Brief descriptive captions
========================================================================

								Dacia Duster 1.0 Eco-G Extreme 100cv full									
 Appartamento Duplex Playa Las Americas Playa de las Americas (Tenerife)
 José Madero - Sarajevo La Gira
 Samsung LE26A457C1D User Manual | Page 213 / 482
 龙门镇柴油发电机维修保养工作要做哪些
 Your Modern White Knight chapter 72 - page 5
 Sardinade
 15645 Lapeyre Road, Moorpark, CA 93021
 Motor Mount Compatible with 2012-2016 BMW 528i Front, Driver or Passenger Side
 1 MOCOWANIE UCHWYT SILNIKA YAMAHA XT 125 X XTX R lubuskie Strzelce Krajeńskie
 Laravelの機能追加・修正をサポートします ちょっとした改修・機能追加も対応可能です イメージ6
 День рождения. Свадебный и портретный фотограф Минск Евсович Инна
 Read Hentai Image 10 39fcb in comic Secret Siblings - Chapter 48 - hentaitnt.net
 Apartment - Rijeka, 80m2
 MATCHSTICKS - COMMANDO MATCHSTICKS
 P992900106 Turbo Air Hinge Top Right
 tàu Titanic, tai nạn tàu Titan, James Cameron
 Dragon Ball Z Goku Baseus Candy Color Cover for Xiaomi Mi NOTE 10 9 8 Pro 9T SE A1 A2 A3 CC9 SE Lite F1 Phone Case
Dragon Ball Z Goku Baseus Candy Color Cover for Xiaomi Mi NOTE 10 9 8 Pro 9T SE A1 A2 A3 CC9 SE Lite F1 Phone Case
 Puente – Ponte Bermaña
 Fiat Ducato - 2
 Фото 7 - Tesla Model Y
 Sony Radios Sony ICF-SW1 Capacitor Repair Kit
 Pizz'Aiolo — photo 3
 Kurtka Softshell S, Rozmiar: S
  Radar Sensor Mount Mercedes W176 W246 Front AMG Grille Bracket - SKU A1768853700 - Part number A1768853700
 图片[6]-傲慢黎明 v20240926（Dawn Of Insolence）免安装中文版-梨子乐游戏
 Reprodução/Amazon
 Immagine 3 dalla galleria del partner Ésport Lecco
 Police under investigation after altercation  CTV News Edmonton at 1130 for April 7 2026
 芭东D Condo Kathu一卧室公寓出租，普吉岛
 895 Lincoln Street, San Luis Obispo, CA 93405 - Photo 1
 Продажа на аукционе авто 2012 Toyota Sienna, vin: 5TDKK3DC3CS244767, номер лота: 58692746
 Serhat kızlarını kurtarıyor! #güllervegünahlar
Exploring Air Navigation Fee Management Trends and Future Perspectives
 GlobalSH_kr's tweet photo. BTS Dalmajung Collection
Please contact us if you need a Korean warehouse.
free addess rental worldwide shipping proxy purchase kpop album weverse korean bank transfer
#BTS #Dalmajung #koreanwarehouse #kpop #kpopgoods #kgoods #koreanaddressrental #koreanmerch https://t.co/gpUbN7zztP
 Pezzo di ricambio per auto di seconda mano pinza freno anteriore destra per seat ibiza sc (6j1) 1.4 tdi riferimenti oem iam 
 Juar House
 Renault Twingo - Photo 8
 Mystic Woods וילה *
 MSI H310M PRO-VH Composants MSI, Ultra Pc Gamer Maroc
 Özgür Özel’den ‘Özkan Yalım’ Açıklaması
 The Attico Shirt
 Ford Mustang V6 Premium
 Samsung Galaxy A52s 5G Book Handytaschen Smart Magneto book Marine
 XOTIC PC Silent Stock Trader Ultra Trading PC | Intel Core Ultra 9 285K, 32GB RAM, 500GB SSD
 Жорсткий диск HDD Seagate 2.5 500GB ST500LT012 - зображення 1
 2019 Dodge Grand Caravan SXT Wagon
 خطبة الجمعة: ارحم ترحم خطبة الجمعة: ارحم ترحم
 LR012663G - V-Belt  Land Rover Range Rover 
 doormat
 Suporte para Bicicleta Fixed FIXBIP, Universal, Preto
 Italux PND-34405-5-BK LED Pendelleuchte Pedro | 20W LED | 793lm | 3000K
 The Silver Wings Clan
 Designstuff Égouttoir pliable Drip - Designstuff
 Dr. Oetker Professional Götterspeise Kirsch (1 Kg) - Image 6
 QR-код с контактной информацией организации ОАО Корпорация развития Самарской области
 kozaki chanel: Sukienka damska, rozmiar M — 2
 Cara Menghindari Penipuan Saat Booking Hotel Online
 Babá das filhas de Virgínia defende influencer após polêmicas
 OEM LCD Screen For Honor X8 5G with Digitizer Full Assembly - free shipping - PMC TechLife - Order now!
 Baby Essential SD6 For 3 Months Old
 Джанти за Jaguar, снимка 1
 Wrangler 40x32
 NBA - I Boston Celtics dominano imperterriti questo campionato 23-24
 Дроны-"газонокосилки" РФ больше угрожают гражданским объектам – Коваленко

========================================================================

WHAT YOU SHOULD DO:
Your task is to copy every line of the entries that contains the string "Mount".

FINISHED TASK:
 Motor Mount Compatible with 2012-2016 BMW 528i Front, Driver or Passenger Side
  Radar Sensor Mount Mercedes W176 W246 Front AMG Grille Bracket - SKU A1768853700 - Part number A1768853700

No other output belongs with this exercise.